航空会社のマイレージプログラムを模した“ヤーテージプログラム”を運営

 同社にとって、運営するゴルフ場の稼動率アップは大きなテーマだ。そのための施策としては、コースの改修やメンテナンス、従業員教育の徹底などによって各コースの魅力を高めることが基本であるが、ゴルフ場整備機械の共有など、数多くのゴルフ場を保有・運営することのスケールメリットを活用した施策も展開している。その試みのひとつが2008年8月より全国的に本格スタートした「PGMヤーテージプログラム」である。
 PGMヤーテージプログラムの基本的なシステムは、多くの航空会社が運営するマイレージプログラムに類似したもの。“マイレージ”を“ヤーテージ”としているのは、距離をヤード(Y)で測定するゴルフという競技の特徴にちなんだものである。

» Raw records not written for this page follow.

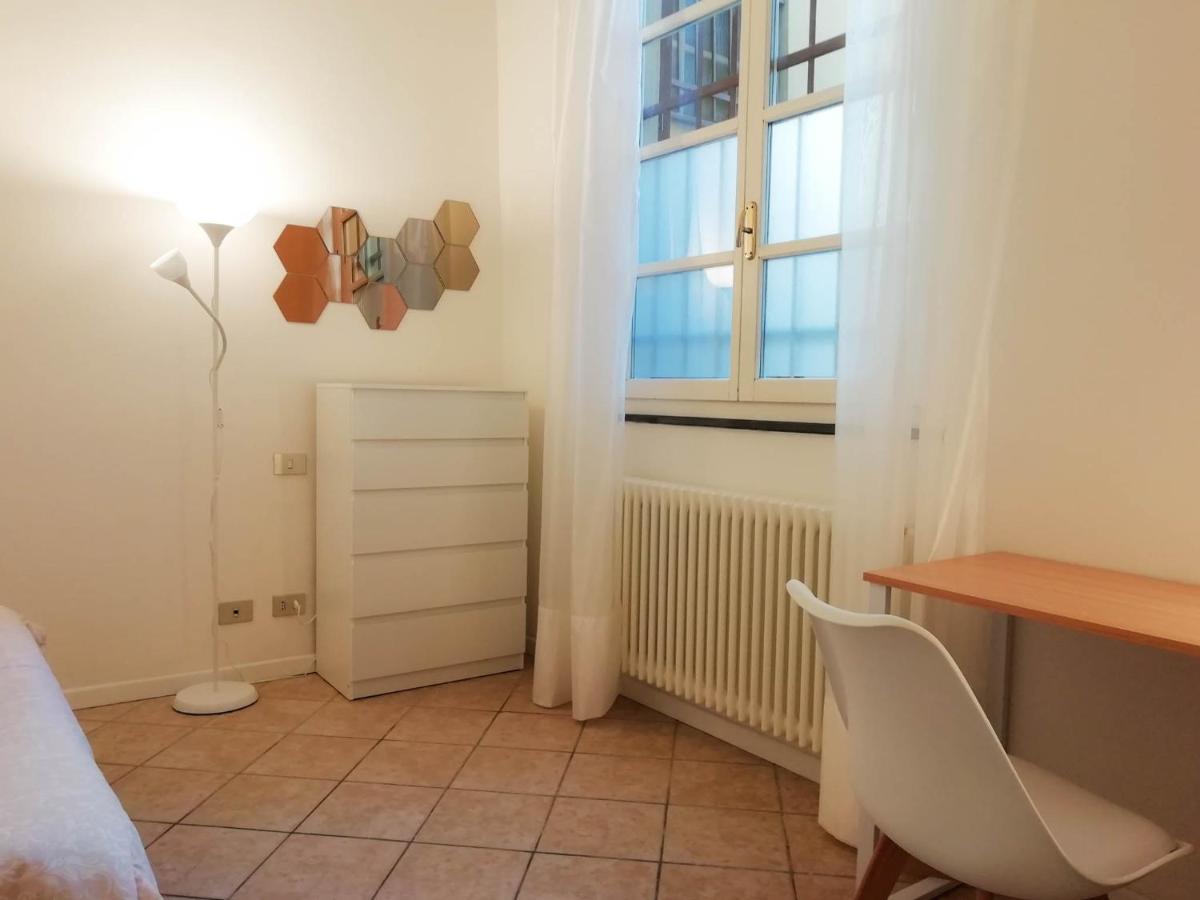 Mistrangelohome 3 - Appartamento In Pieno Centro Σαβόνα Εξωτερικό φωτογραφία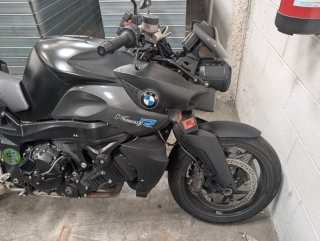 BMW K1200R Negra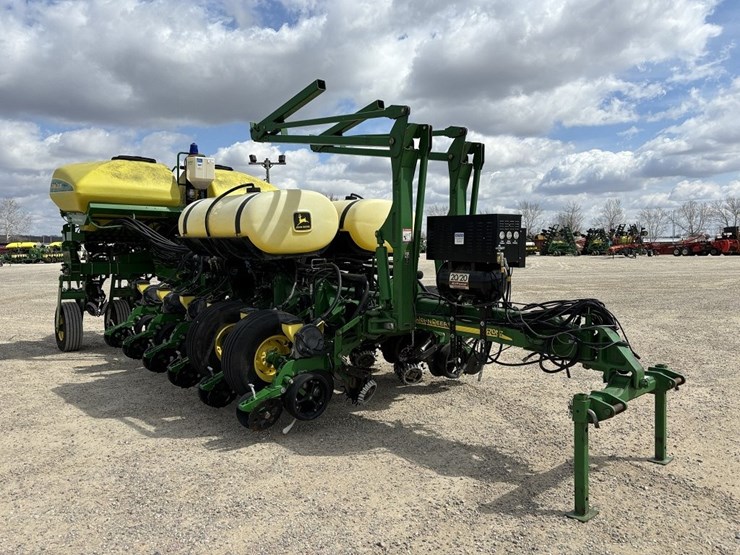 john-deere-1770nt-image-7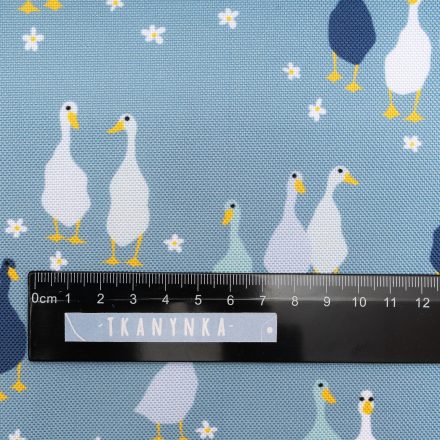 Водовідштовхуюча тканина гуси на блакитному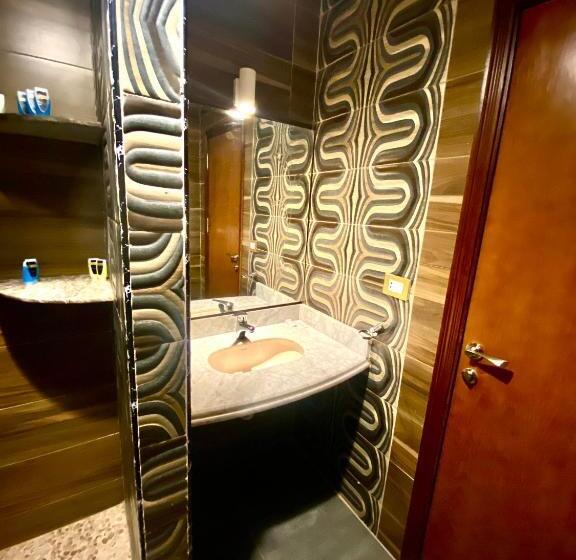 اتاق سوپریور چهار تخته, New Museum, Pyramids Inn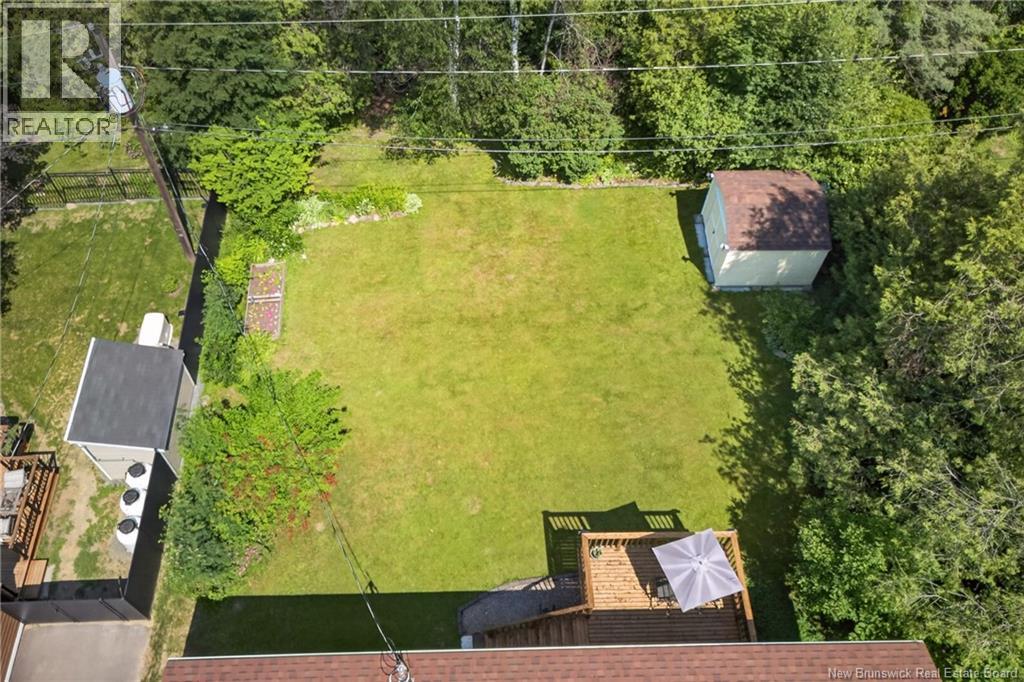 495 Mansfield Street - 28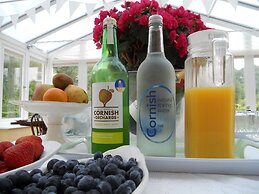 Polraen Country House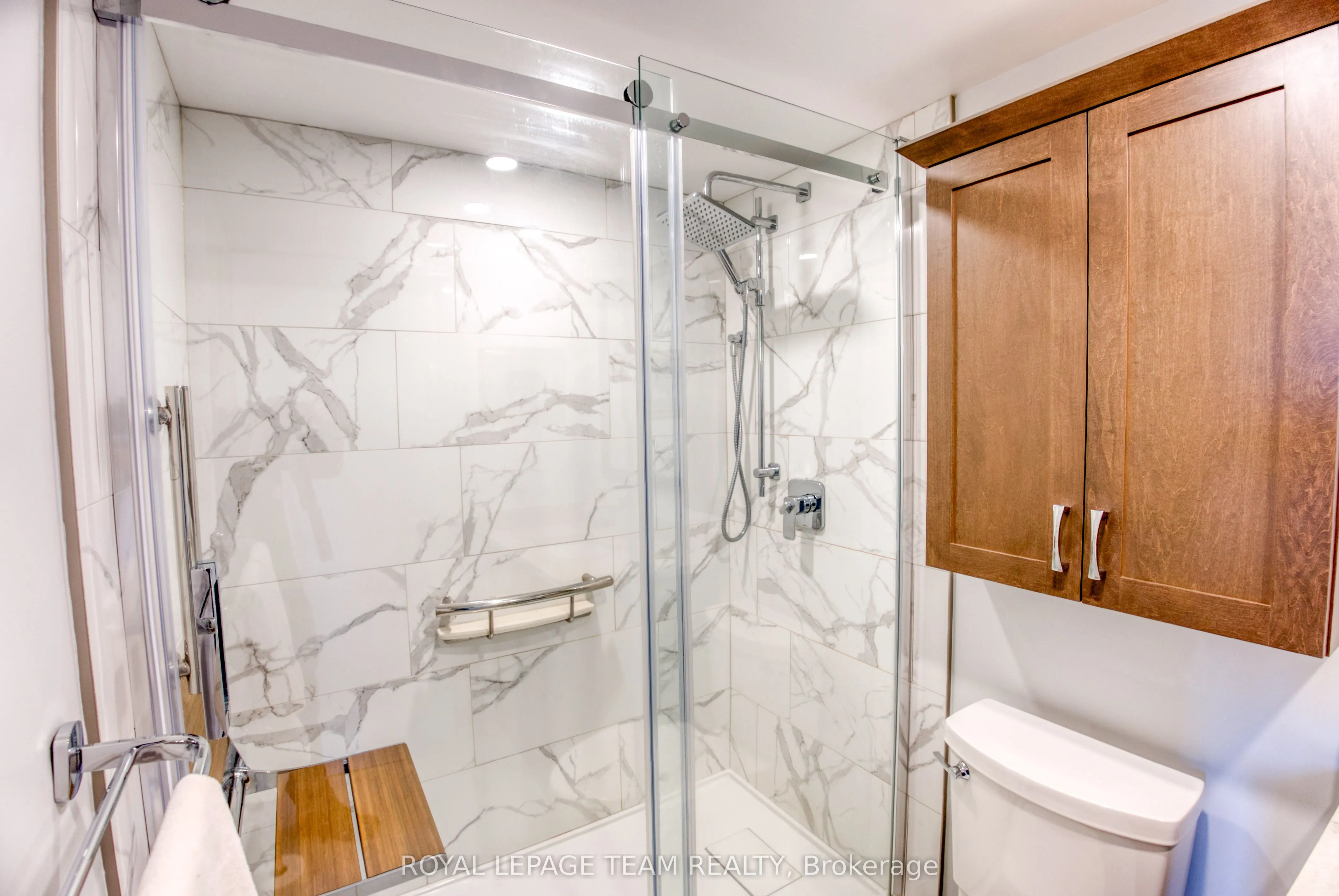 1195 Richmond Road, #2006
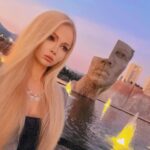 Valeria Lukyanova Instagram - В данный промежуток времени кастовую чистоту соблюдать крайне необходимо! Благодаря огромной волне высоких вибраций, исходящих частиц разогнанных из церна любые энергии очень быстро приобретают свою плотность, поэтому когда общаешься с низко-вибрационными людьми можно упасть вниз , в их событийность. Поэтому если вы не хотите проблем , таких людей нужно остерегаться или держать их от себя на большом расстоянии , хотя в этом сейчас нет никакого смысла. Сейчас вибрации настолько разогнались , что можно притянуть к себе и более интересных людей во мгновение ока, стоит только знать методики. Я бы сказала , что сейчас магией может владеть даже самые неспособный человек , т к у нас действительно сейчас преобразовано намерения , причём абсолютно у всех , кто что-то делает. Вы это заметили?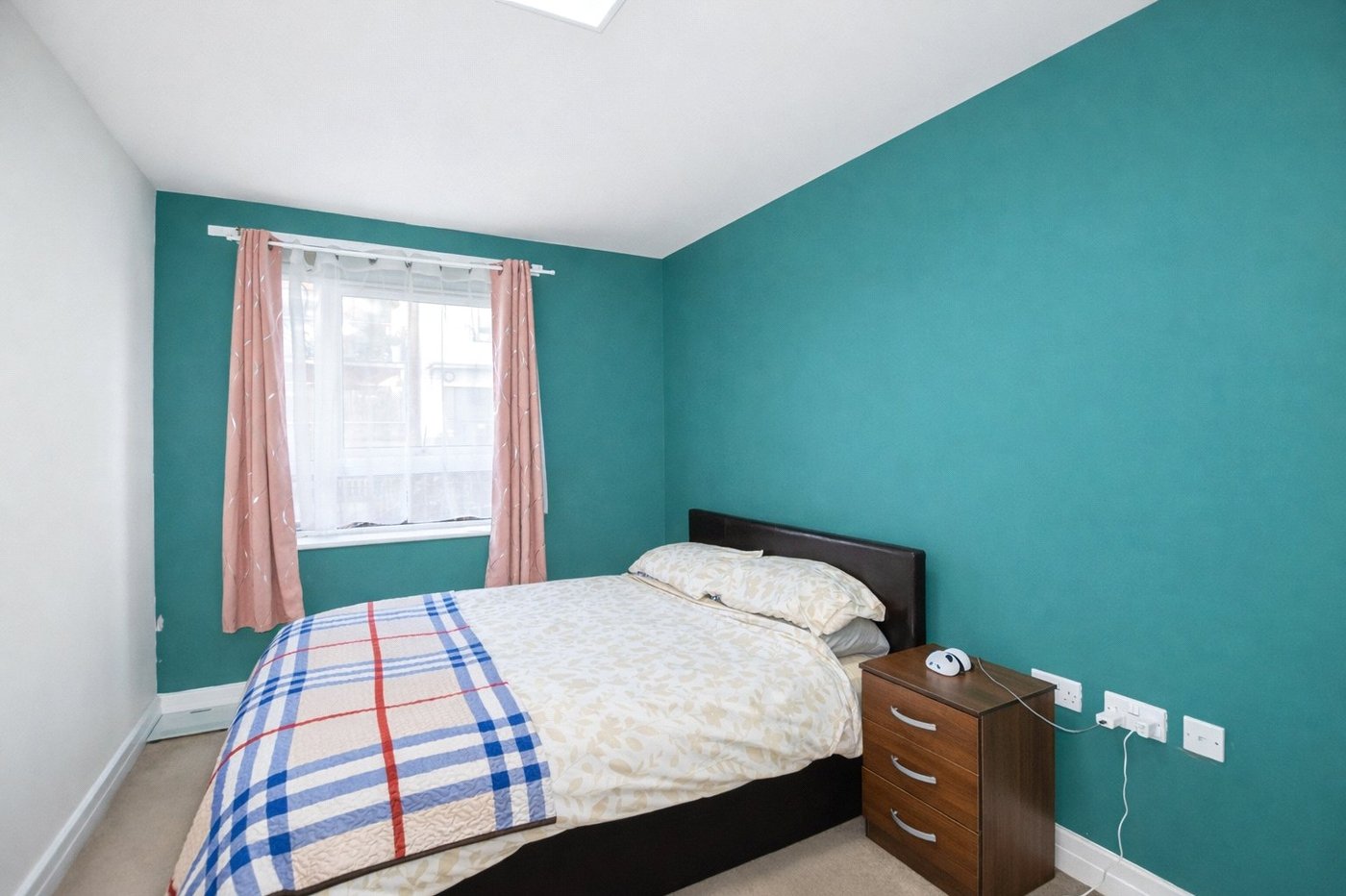 3 bedroom property for sale in London | Robinson Jackson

会員登録で250Y、eメールアドレス登録で250Y、プレーするごとに平日では500Y、土日・祝日では250Yのヤーテージが付与され、最低4,200Yから「無料プレー」として還元される。無料プレーに必要なヤーテージ数は、ゴルフ場のZoneⅠ~Ⅳまでの4つのグレード別に、平日/土・日・祝日、オンシーズン/オフシーズンごとに設定されており、会員は貯まったポイントによって同グループの数多くのゴルフ場の中から、好みのコースを選んで無料プレーを楽しむことができる。なお、入会金、年会費などは一切無料であり、獲得したヤーテージは獲得翌年の12月まで最大2年間有効。「PGMヤーテージプログラム」会員には「PGMカード」が付与され、通常では署名や住所・連絡先などの記入が必要なフロントでのチェックインを、「PGMカード」を提示するだけでサインレスで行えるという特典もある。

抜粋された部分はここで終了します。